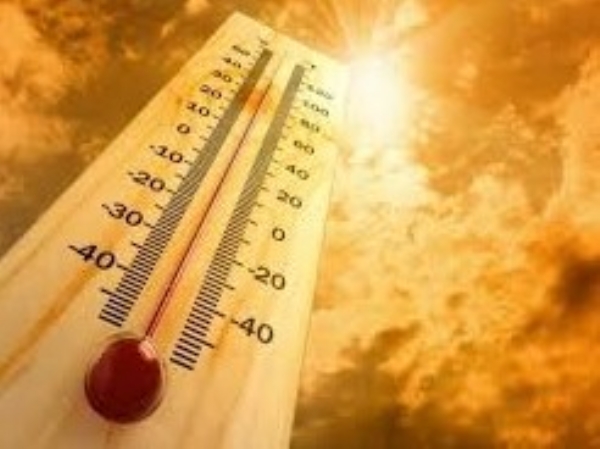 Temperatures soar in the state, two to three degrees above normal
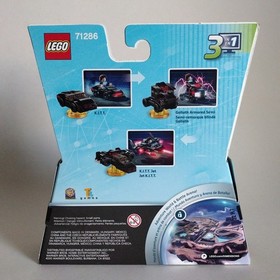 Lego Dimensions 71286 Knight Rider Michael Knight & KITT Car SEALED Fun Pack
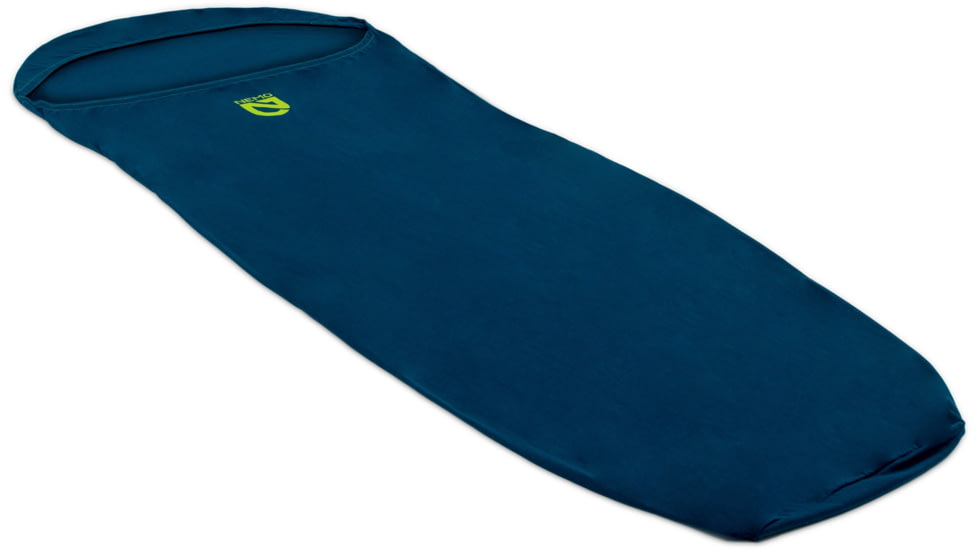 NEMO Equipment 2025 Tracer Sleeping Bag Liner, Abyss, Regular, 811666037206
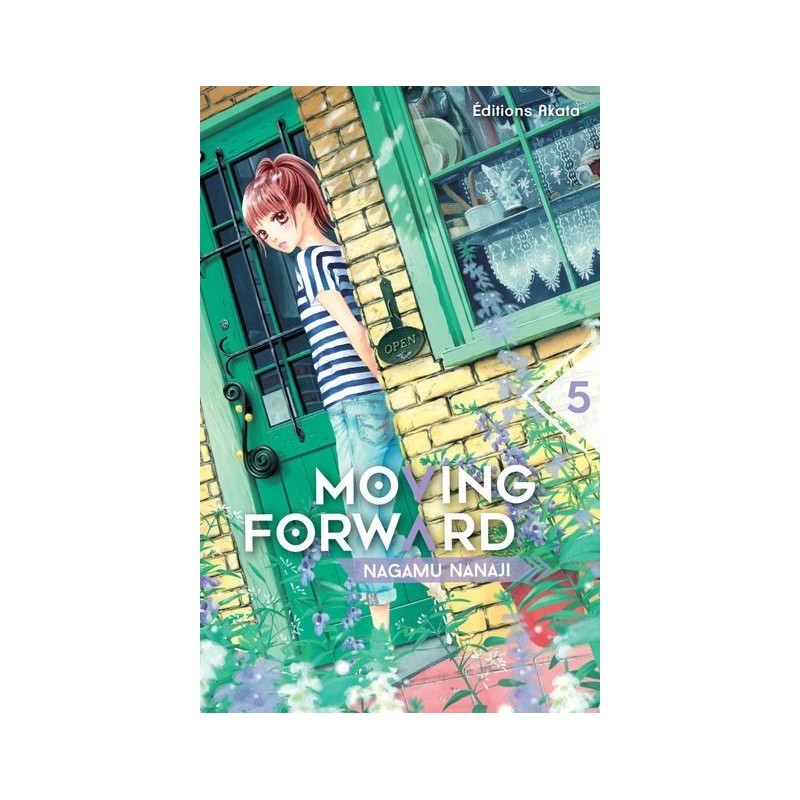 moving forward, manga, akata, shojo, 9782369742357 moving forward, manga, akata, shojo, 9782369742357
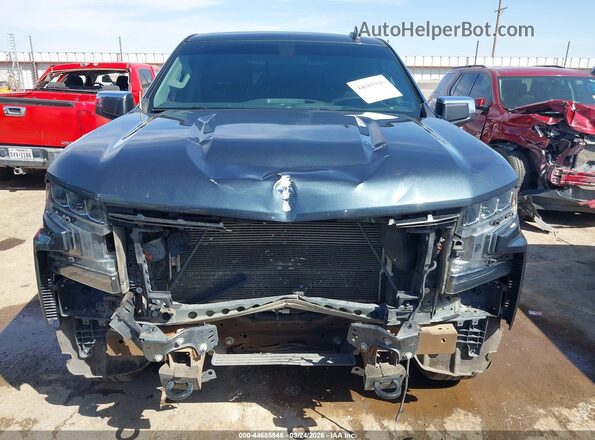 3GCUYDED6LG121032 2020 CHEVROLET SILVERADO Gray Вид задньої частини салону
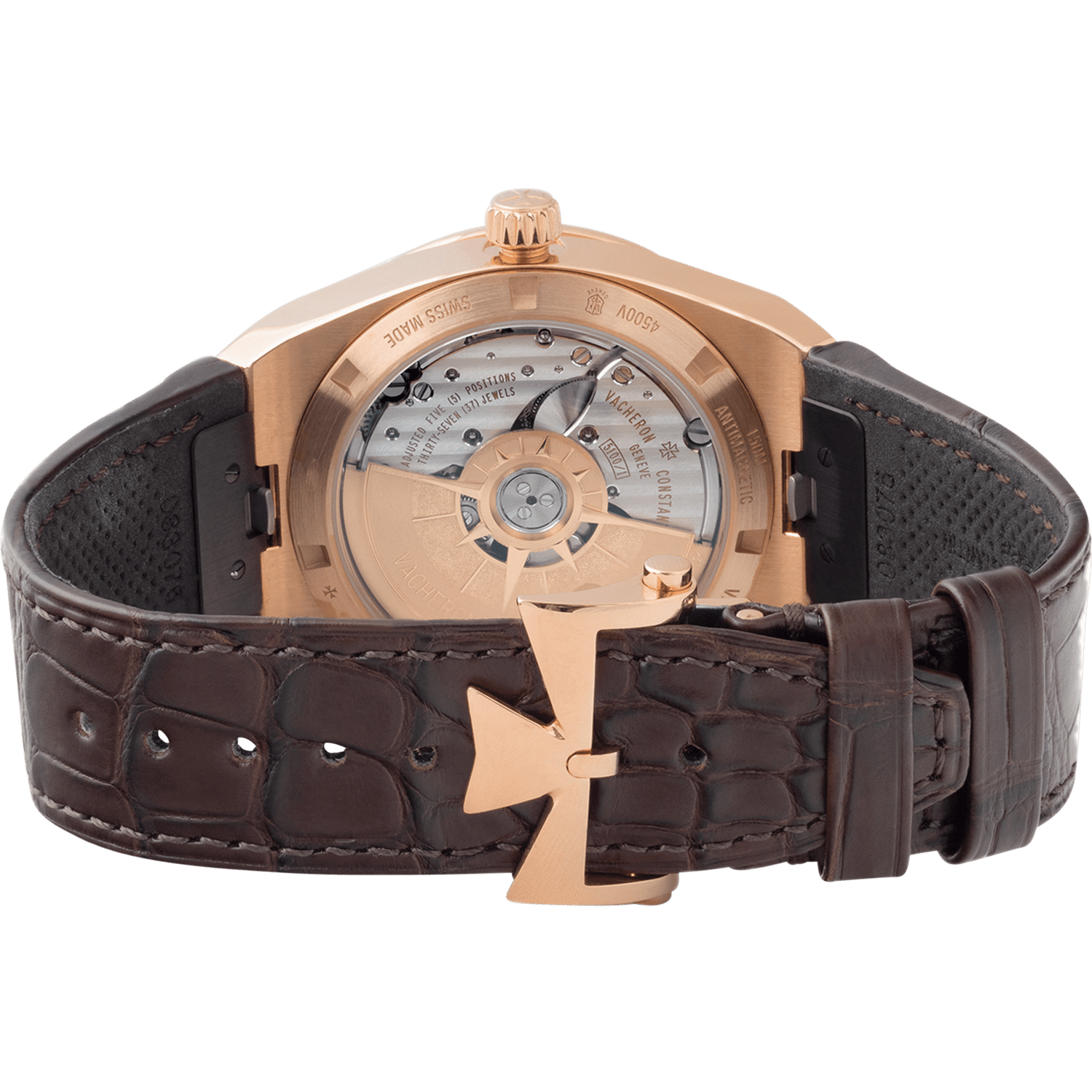 Vacheron Constantin Overseas Self-winding 4500V/000R-B127 Men/Unisex Self-winding 4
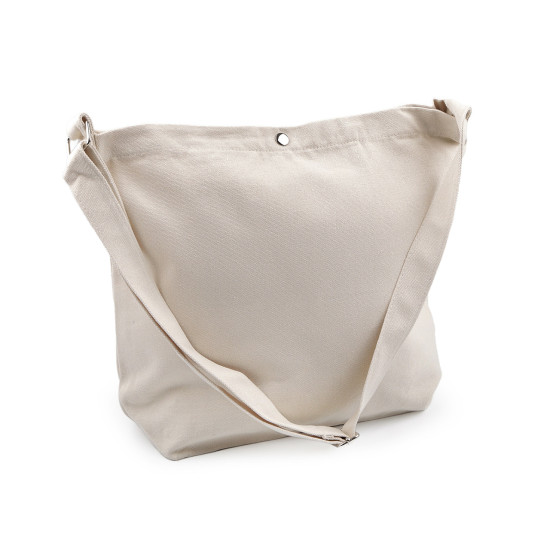 Cotton tote bag for diy painting/decorating 36x45 cm - Ecru light (2 Pieces) Cotton tote bag for diy painting/decorating 36x45 cm - Ecru light (2 Pieces)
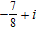 <strong>Write in terms of i and simplify.</strong> A) B) C) D) E)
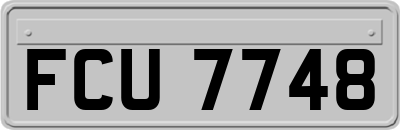 FCU7748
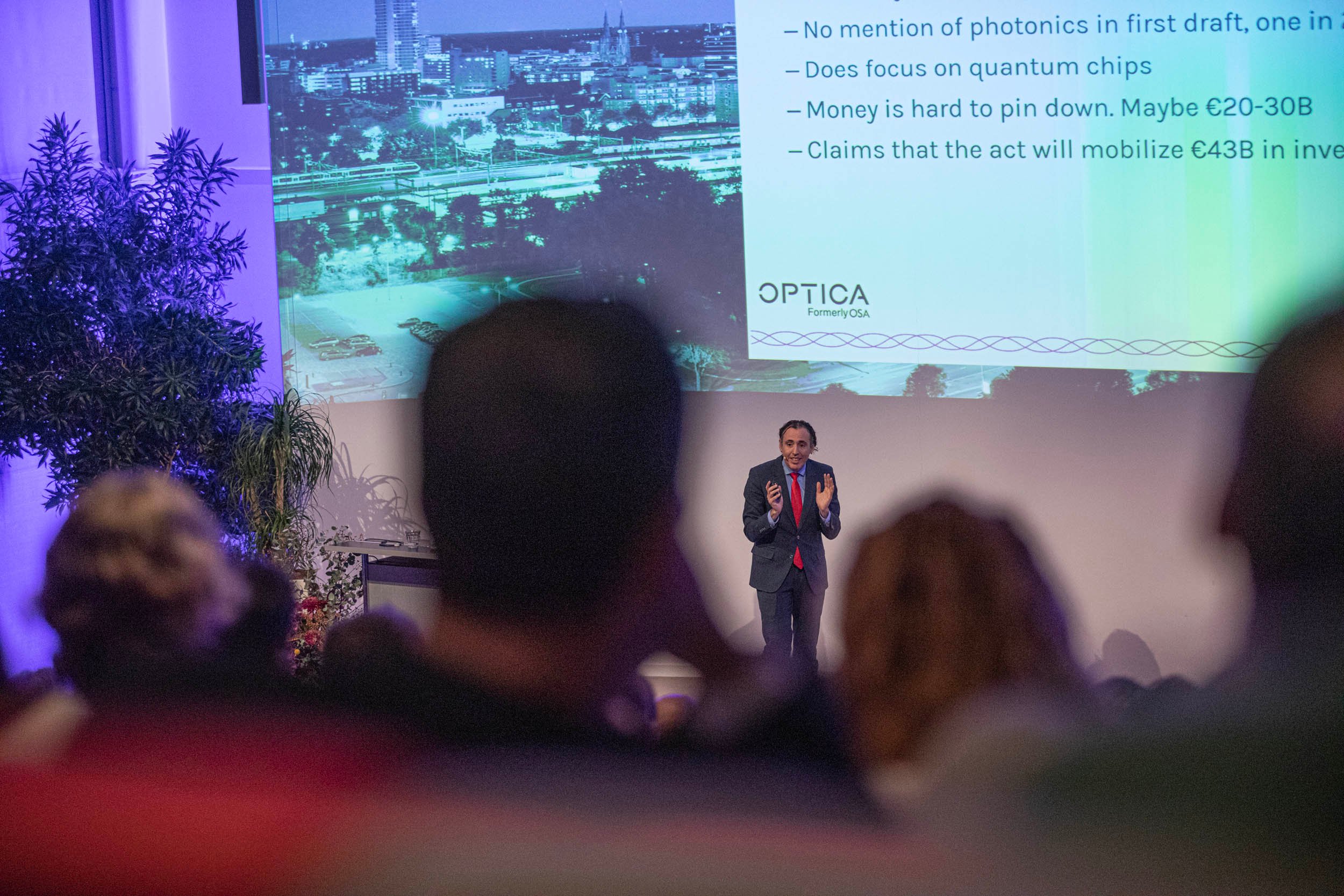 OPTICA Presentation OPTICA Presentation
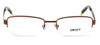 DKNY Donna Karan New York Designer Optical Eyeglasses DY5631-1192 in Matte Copper :: Progressive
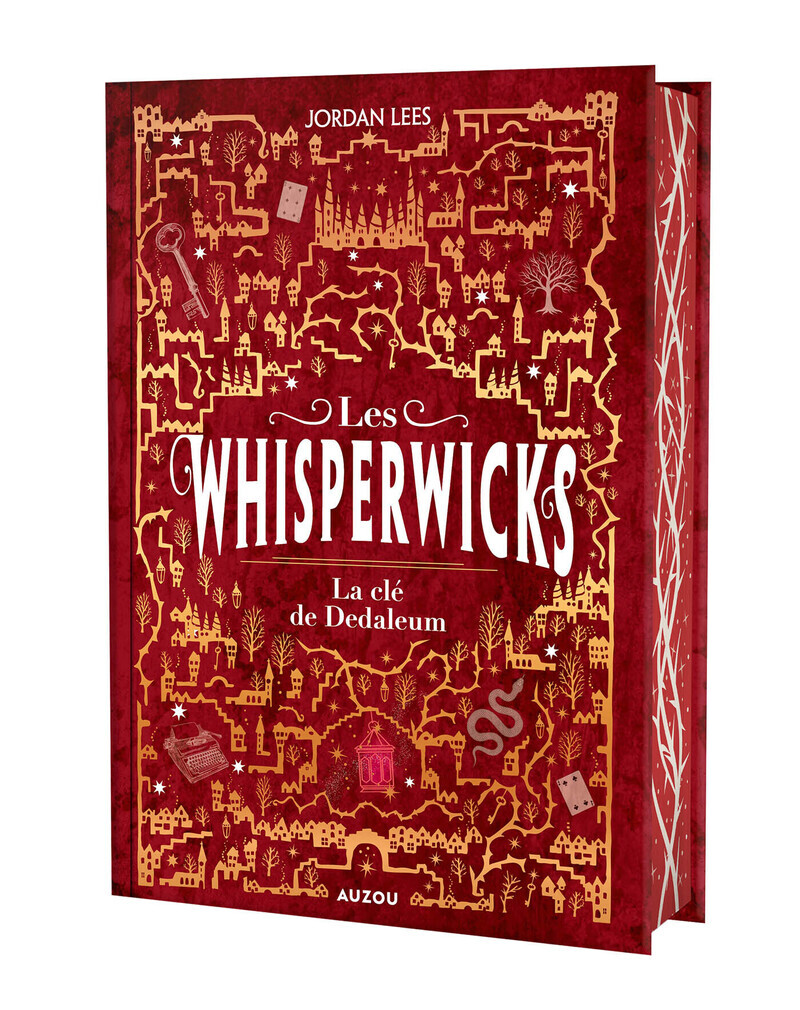 LES WHISPERWICKS - TOME 3 LA CLE DE DEDALEUM - EDITION RELIEE COLLECTOR - VOL03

◇ ◇ ◇

_REQUIREMENT:_ The output should be the lines from the one with "DKNY Donna Karan" through the end of the material above, both ends included, printed exactly and nothing else. Drop the pictures.

_SOLUTION BELOW:_
 DKNY Donna Karan New York Designer Optical Eyeglasses DY5631-1192 in Matte Copper :: Progressive
 LES WHISPERWICKS - TOME 3 LA CLE DE DEDALEUM - EDITION RELIEE COLLECTOR - VOL03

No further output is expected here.